-- Task to carry out --
The output must match the entries below exactly, with pictures removed.

-- Extracted data --

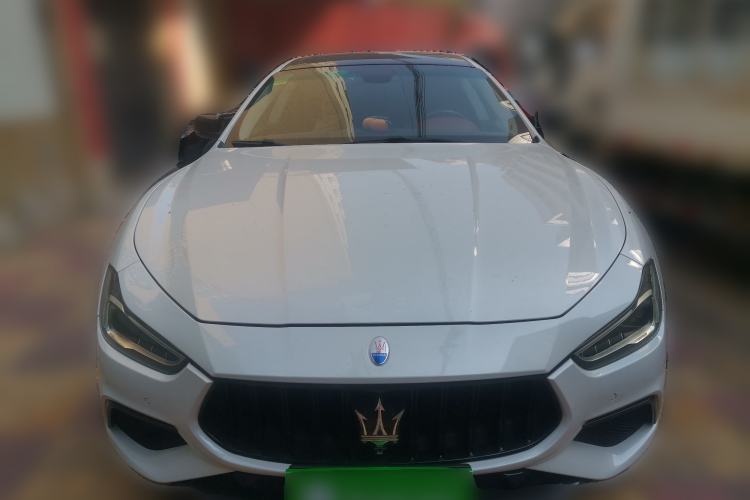 Used Maserati Ghibli 2014 3.0T Standard Edition Front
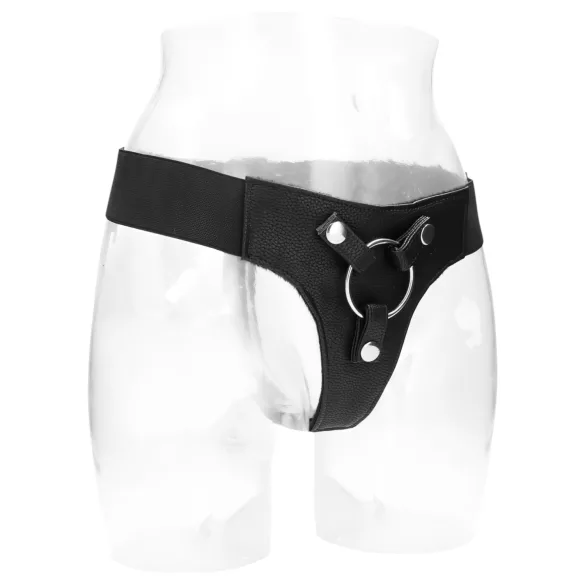 RealRock Elastic - harnais pour gode ceinture - noir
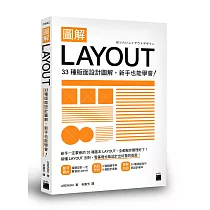 圖解LAYOUT：33 種版面設計圖解，新手也能學會!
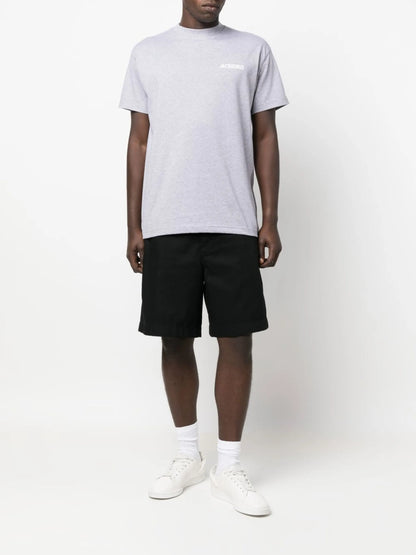 Jacquemus Le Logo T-Shirt Grey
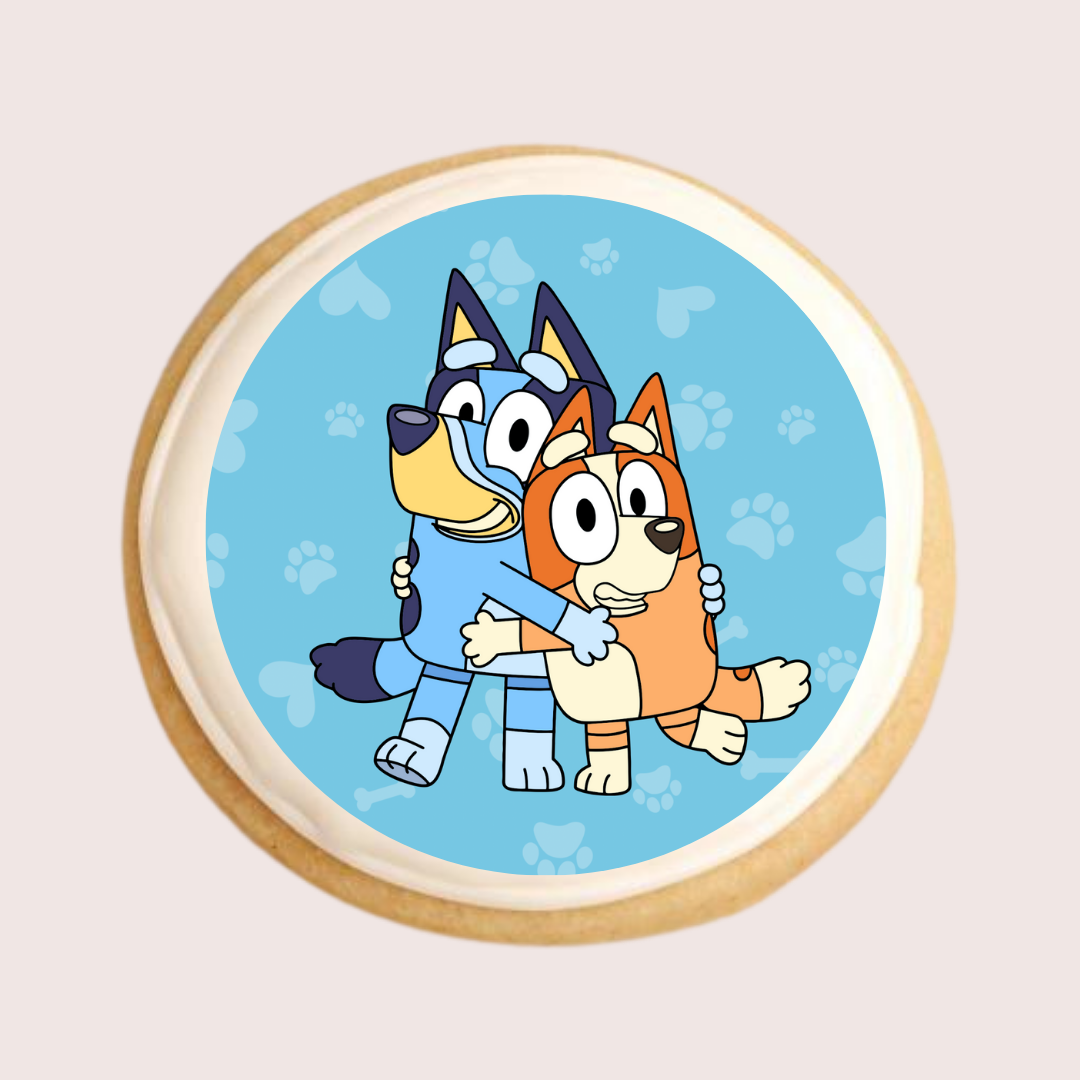 Bluey Cookie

-- Answer section --
 Used Maserati Ghibli 2014 3.0T Standard Edition Front
 RealRock Elastic - harnais pour gode ceinture - noir
 圖解LAYOUT：33 種版面設計圖解，新手也能學會!
 Jacquemus Le Logo T-Shirt Grey
 Bluey Cookie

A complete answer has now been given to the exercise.